Announcement

Collapse
No announcement yet.
X
  • Filter
  • Time
Clear All
new posts

    Help debugging server timeout

    I'm trying to track down a bug that results in a server timeout. The server log shows a queue of DSRequests coming in from the client to populate a bunch of different SelectItems based on optionDataSource tags in various ds.xml files. In one case the queue has 11 entries and in another there are 7. Oddly, there are two instances of each queue.

    I'm using a subclass of IDACall and have overridden handleDSRequest and inserted a System.out.println() before and after each call to super.handleDSRequest(). Every request in the queue processes just fine, but then I see this in the server log, followed by a long wait.
    Code:
    === 2010-10-18 18:02:14,868 [l0-8] DEBUG RPCManager - Content type for RPC transaction: text/plain; charset=UTF-8
    === 2010-10-18 18:02:14,873 [l0-8] DEBUG RPCManager - non-DMI response, dropExtraFields: false
    === 2010-10-18 18:02:14,877 [l0-8] DEBUG RPCManager - non-DMI response, dropExtraFields: false
    === 2010-10-18 18:02:14,883 [l0-8] DEBUG RPCManager - non-DMI response, dropExtraFields: false
    === 2010-10-18 18:02:14,888 [l0-8] DEBUG RPCManager - non-DMI response, dropExtraFields: false
    === 2010-10-18 18:02:14,891 [l0-8] DEBUG RPCManager - non-DMI response, dropExtraFields: false
    === 2010-10-18 18:02:14,894 [l0-8] DEBUG RPCManager - non-DMI response, dropExtraFields: false
    === 2010-10-18 18:02:14,899 [l0-8] DEBUG RPCManager - non-DMI response, dropExtraFields: false
    === 2010-10-18 18:02:14,915 [l0-8] DEBUG RPCManager - non-DMI response, dropExtraFields: false
    === 2010-10-18 18:02:14,919 [l0-8] DEBUG RPCManager - non-DMI response, dropExtraFields: false
    === 2010-10-18 18:02:14,925 [l0-8] DEBUG RPCManager - non-DMI response, dropExtraFields: false
    === 2010-10-18 18:02:14,931 [l0-8] DEBUG RPCManager - non-DMI response, dropExtraFields: false
    Then, after a few minutes I see these messages appear in the server log.

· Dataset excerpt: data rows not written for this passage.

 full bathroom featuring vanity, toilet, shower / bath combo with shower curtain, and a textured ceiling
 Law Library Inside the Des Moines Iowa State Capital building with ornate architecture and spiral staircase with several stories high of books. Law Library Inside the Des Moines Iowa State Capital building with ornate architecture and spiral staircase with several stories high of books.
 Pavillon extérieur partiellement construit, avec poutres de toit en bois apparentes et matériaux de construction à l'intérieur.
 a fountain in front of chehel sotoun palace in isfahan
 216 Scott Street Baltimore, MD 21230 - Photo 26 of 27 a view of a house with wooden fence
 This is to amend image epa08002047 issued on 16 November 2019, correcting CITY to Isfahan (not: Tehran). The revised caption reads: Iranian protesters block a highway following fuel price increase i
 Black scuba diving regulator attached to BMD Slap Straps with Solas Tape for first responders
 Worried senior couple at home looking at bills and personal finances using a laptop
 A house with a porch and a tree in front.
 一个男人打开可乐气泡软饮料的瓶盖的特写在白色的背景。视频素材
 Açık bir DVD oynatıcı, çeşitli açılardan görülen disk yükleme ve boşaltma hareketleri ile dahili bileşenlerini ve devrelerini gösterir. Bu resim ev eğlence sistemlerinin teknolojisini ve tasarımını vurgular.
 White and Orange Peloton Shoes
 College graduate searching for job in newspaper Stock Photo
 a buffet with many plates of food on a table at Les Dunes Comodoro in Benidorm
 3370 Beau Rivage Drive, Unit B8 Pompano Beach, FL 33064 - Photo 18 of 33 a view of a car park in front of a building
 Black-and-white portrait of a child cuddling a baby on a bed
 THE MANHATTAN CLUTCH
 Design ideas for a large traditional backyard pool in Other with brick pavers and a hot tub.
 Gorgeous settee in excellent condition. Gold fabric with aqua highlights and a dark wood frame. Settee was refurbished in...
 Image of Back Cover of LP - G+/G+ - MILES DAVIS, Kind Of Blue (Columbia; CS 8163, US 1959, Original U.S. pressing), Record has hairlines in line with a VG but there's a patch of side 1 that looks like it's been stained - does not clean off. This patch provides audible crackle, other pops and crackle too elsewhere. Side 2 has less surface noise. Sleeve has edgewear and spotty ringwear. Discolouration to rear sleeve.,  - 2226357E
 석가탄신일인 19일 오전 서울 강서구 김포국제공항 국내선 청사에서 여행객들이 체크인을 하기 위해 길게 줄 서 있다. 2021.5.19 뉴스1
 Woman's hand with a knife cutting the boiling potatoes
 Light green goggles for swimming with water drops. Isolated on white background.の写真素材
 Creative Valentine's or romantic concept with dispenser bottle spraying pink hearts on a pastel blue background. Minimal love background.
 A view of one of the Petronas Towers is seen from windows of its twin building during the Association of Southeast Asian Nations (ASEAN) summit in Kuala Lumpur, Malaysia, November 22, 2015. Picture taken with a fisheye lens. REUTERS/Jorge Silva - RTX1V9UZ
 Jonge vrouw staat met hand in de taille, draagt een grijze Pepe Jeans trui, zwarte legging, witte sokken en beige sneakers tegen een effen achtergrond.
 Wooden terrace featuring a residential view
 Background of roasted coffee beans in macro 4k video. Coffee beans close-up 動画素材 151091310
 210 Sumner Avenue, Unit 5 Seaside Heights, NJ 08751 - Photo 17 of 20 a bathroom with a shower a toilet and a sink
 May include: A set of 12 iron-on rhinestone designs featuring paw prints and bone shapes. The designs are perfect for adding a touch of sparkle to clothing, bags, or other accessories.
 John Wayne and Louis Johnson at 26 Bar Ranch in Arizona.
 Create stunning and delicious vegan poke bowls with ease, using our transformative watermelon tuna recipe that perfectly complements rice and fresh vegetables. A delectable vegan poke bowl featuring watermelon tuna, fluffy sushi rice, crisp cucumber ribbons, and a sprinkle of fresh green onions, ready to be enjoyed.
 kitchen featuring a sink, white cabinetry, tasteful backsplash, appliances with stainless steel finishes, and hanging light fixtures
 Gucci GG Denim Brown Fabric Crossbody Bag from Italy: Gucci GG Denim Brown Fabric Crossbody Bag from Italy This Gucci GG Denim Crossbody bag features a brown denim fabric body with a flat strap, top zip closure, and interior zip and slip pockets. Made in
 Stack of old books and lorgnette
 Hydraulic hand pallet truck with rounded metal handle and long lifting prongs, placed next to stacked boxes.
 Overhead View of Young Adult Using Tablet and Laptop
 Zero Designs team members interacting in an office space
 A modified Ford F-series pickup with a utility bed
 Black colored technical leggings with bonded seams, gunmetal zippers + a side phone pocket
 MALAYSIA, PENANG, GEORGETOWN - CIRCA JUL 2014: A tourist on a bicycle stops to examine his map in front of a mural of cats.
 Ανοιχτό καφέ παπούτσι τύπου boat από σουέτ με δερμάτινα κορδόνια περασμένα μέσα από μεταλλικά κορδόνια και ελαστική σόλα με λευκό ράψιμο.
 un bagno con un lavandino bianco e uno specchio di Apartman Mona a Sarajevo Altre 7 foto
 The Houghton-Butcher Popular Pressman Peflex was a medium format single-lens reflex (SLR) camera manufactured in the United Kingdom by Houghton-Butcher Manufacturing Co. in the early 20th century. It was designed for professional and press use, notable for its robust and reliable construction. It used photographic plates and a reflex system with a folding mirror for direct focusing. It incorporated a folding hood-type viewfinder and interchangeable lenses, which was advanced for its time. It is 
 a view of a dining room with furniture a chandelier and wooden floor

But by then the client has stopped waiting for a response.
    Code:
    === 2010-10-18 18:08:31,182 [l0-0] INFO  Compression - /ipgui/sc/IDACall: 1698435 -> 72214 bytes
    200 - POST /ipgui/sc/IDACall?isc_rpc=1&isc_v=SC_SNAPSHOT-2010-10-03&isc_xhr=1&isc_tnum=14 (127.0.0.1) 72214 bytes
    === 2010-10-18 18:08:57,096 [l0-5] INFO  Compression - /ipgui/sc/IDACall: 1672316 -> 76846 bytes
    200 - POST /ipgui/sc/IDACall?isc_rpc=1&isc_v=SC_SNAPSHOT-2010-10-03&isc_xhr=1&isc_tnum=11 (127.0.0.1) 76846 bytes
    === 2010-10-18 18:09:04,877 [l0-8] INFO  Compression - /ipgui/sc/IDACall: 1672316 -> 76846 bytes
    200 - POST /ipgui/sc/IDACall?isc_rpc=1&isc_v=SC_SNAPSHOT-2010-10-03&isc_xhr=1&isc_tnum=12 (127.0.0.1) 76846 bytes
    === 2010-10-18 18:09:06,420 [l0-4] INFO  Compression - /ipgui/sc/IDACall: 1698435 -> 72214 bytes
    200 - POST /ipgui/sc/IDACall?isc_rpc=1&isc_v=SC_SNAPSHOT-2010-10-03&isc_xhr=1&isc_tnum=13 (127.0.0.1) 72214 bytes
    Looking at the client side log doesn't tell me much more than that the client waited approximately 3 minutes and then threw a server timeout error. Eventually the response comes back to the client, but by then the client can't match it back up with a transaction it is waiting for so I see these messages in the client side log.
    Code:
    18:08:31.193:XRP0:WARN:RPCManager:performTransactionReply: No such transaction 14
    18:08:57.111:XRP1:WARN:RPCManager:performTransactionReply: No such transaction 11
    18:09:04.932:XRP2:WARN:RPCManager:performTransactionReply: No such transaction 12
    18:09:06.502:XRP3:WARN:RPCManager:performTransactionReply: No such transaction 13
    How can I find out where the server is getting hung up? I can see that the problem is not with the actual queries running against the database server since those return in a reasonable amount of time.

    #2
    Those responses look to be over 1MB - were you expecting that volume of data? If not, what may be happening is runaway serialization of a large Java structure you are providing as a response.

    Comment


      #3
      I was surprised at the size of the responses as well. The SELECTs are the auto-generated ones to fill SelectItems based on their optionDataSource which in all cases is a fairly standard SQL data source. It seems to be loading the entire file instead of using paging. What might cause that? As I said, there isn't anything very special about the data sources. At least one of them is being used in another context to fill a ListGrid which exhibits the normal paging behavior.

      Comment


        #4
        Does the fact that the queues of requests that are timing out also look to be duplicated ring any bells? In other words, if I look at the SC dev console I first see transaction #12 which is a queue of 11 requests. The "Component" column shows <undefined> followed by a field name (the field has an optionDataSource specified in the ds.xml). In some cases there are multiple field names listed when multiple fields use the same optionDataSource. All 11 requests show Status "Success".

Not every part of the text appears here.